It’s What You Make It Mean

What IF every reaction (emotional or otherwise) that you have to an event, experience, communication or interaction is almost completely about you? More specifically, it’s about what you decide that event, experience, communication or interaction means about you. Stay with me as this concept invites a shift that can transform your communication and relationships, minimize stress and give you access to profound inner learning. Simply put, your reactions are based upon what you make things and situations mean about or relating to you.

I was recently working with a leadership coaching client, and he was very troubled by a decision being made within his organization. He was so troubled that his primary emotion regarding the situation was anger. When I asked him why he was angry, he said the following:

  • I care about the organization;
  • This decision is not in alignment with the organization’s core values; and
  • This decision puts the organization at risk.

All were good points and reasons to be angry (or disappointed) in this decision, but I wonder how effective he was at communicating his position when he was doing so from a primary emotion of anger (and arguably, unstable anger–which causes people to listen less, not more).
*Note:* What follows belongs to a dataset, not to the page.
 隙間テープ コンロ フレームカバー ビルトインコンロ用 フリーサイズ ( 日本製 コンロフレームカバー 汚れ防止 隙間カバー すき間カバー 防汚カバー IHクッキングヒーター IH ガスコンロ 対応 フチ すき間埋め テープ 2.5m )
After our initial discussion, I challenged him with this statement and question: “Anger is personal. In what ways does this decision impact you personally? More specifically, what did you make this decision mean?” He struggled for a while in coming up with an answer that was about him, but he finally said the following:

  • I’m afraid that something negative will happen to this company and people here will think it’s my fault.
  • I’m afraid that people will think that I’m bull s**t because I allowed this decision to happen.
  • I’m afraid that people won’t trust me or follow me because of this decision.

Now we’re getting somewhere. The reasons in the first list were an attempt to justify his angry reaction, but the second list is what was more true: he was personally afraid about how this decision might impact him.

In addition, the deeper truth is that his true emotion was fear, and because he was not aware of this fear he used anger to communicate his objections to the decision. He also used anger in trying to persuade the other leaders to change that decision. You can imagine how ineffective that approach was and is.

Why does this matter? Let’s look at all the differences between the superficial response (it’s all about them) and the true response (it’s about him). First, communicating from a place of anger is rarely effective – and anger is not the same as passion. Second, understanding that his true emotional reaction was fear would have allowed him to communicate and seek to persuade fully conscious that, while this decision related to the organization, in many ways his concerns were personal. With this awareness, he would be in a better position to communicate and persuade focused on the organization’s needs, risks and interests. Without realizing it, he had been attempting to persuade where his truest motivation was self-focused, not organization focused. Third, this awareness was an opportunity for him to learn more about himself, especially relating to the fears he has (or had) about what people would think about him.

Start watching for and checking out these types of scenarios. Whenever you have an emotional reaction to anything, ask yourself this question: “What did I make this mean about me that is causing this reaction?” Nearly all the time, you’ll find (sometimes painfully) that your reaction to situations is solely about what you made it mean about you. As much as we like to say and believe “It’s not about me,” the truth is that it’s almost always about you. Your leadership, learning and impact will depend on your willingness to own your emotions and reactions, understand your role in creating them, and use this internal truth-telling to more effectively communicate, persuade, collaborate and lead.